↓↓↓
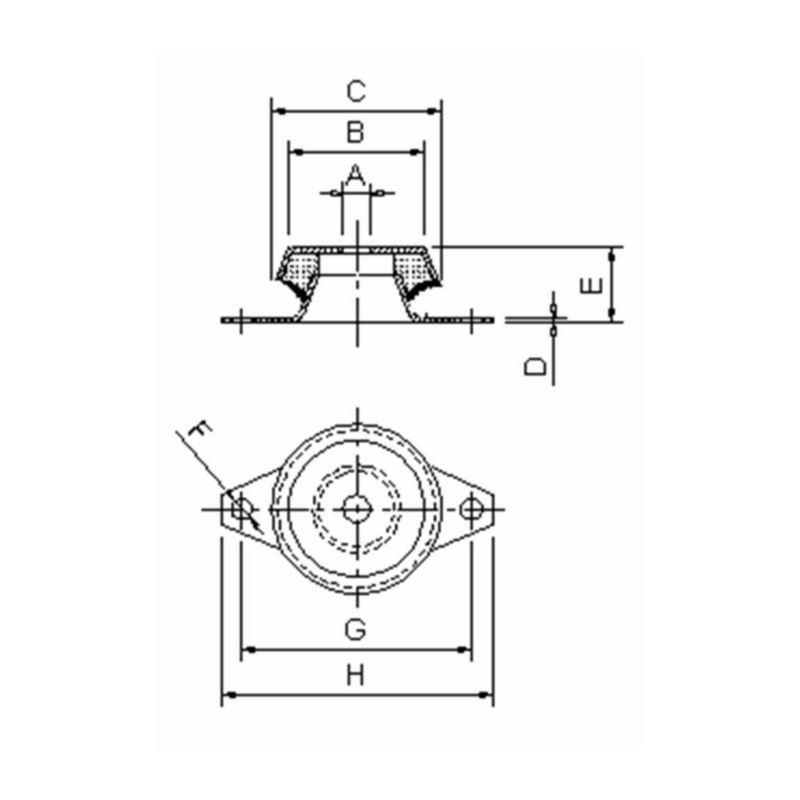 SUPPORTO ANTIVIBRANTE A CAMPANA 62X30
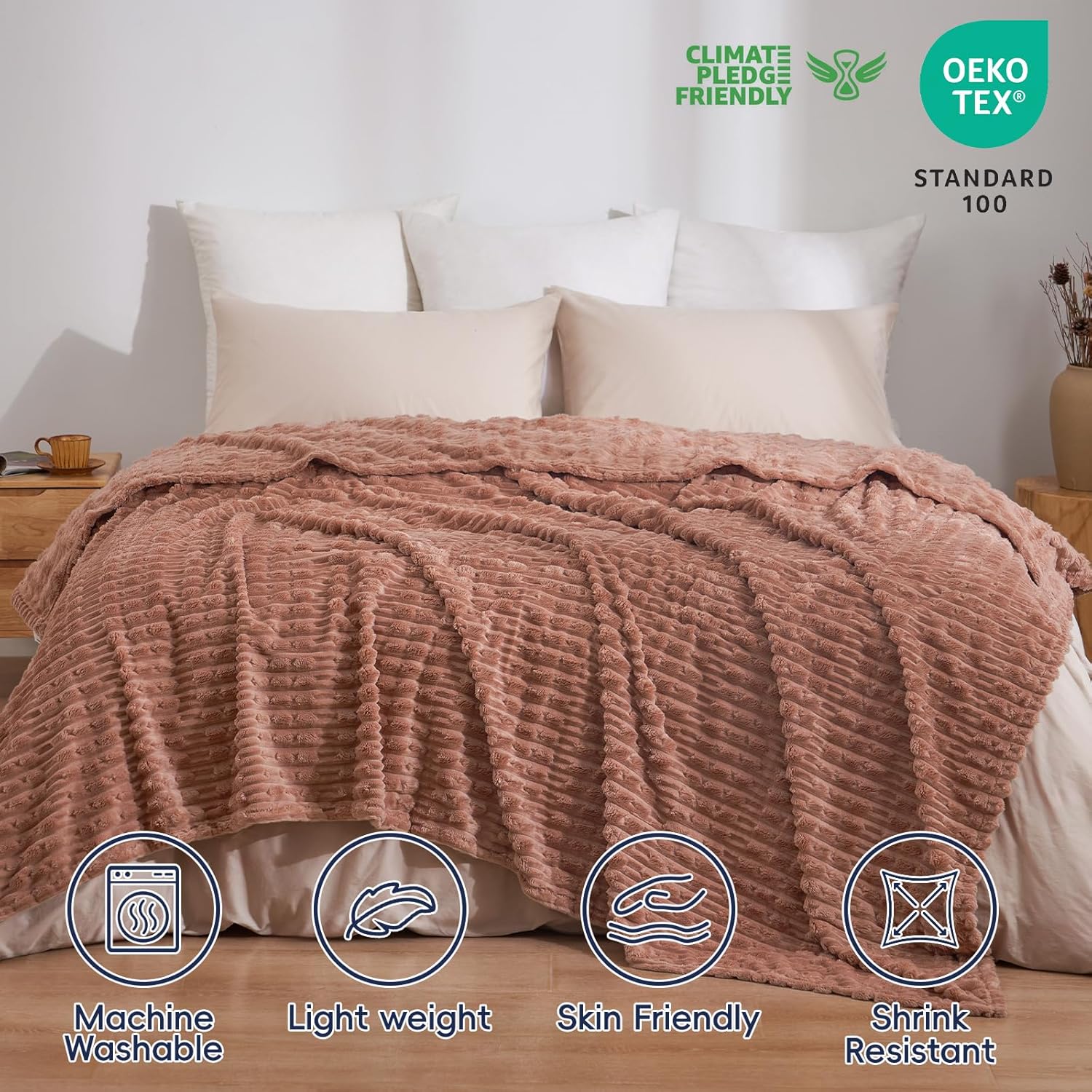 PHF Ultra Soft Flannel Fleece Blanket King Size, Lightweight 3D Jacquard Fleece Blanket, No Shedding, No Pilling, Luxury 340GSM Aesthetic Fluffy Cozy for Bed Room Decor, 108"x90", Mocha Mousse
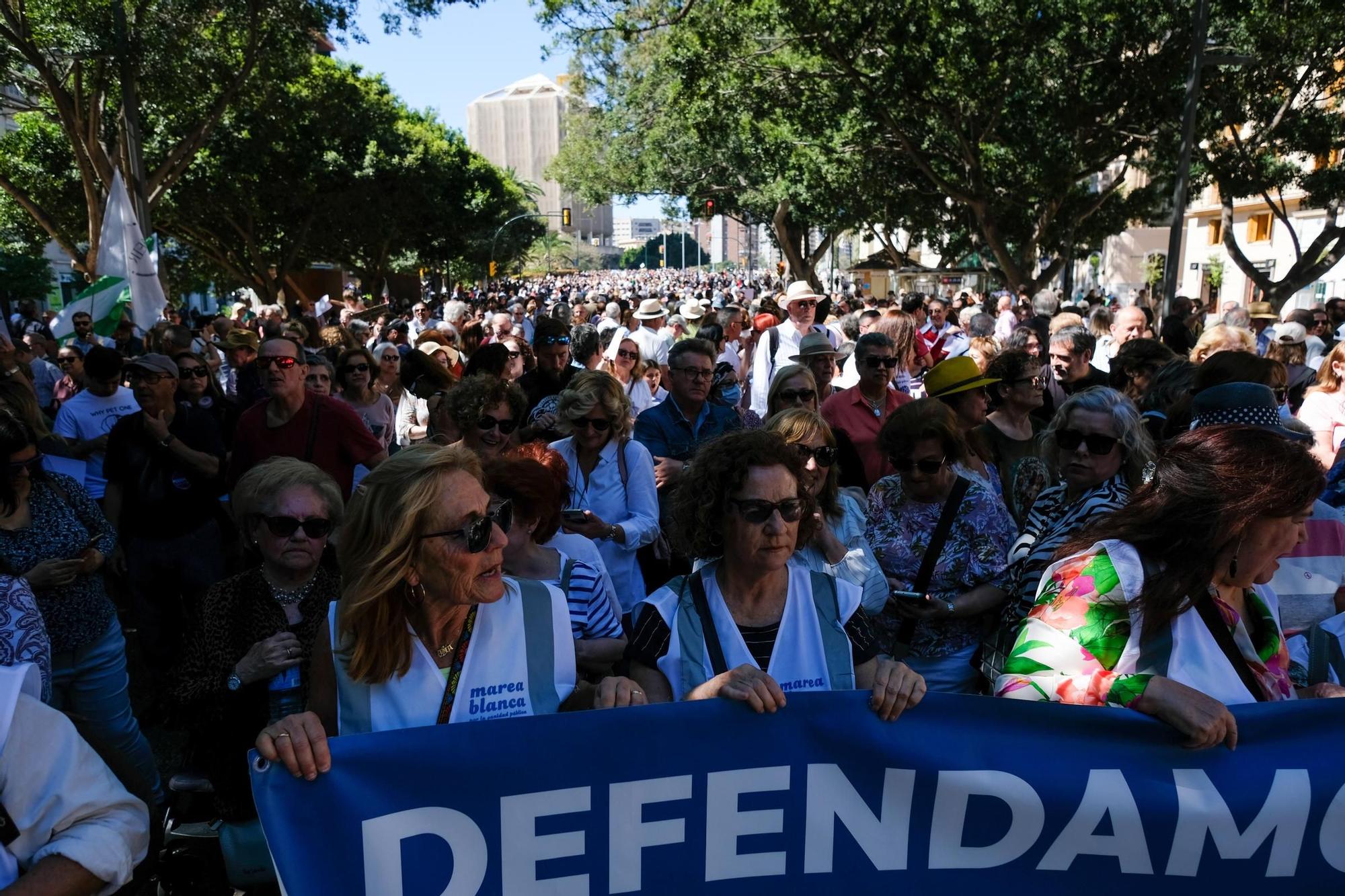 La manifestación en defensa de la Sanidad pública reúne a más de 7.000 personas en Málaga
↑↑↑
PROMPT: Omit the pictures, then set down all the remaining data exactly as given.

ANSWER:
 SUPPORTO ANTIVIBRANTE A CAMPANA 62X30
 PHF Ultra Soft Flannel Fleece Blanket King Size, Lightweight 3D Jacquard Fleece Blanket, No Shedding, No Pilling, Luxury 340GSM Aesthetic Fluffy Cozy for Bed Room Decor, 108"x90", Mocha Mousse
 La manifestación en defensa de la Sanidad pública reúne a más de 7.000 personas en Málaga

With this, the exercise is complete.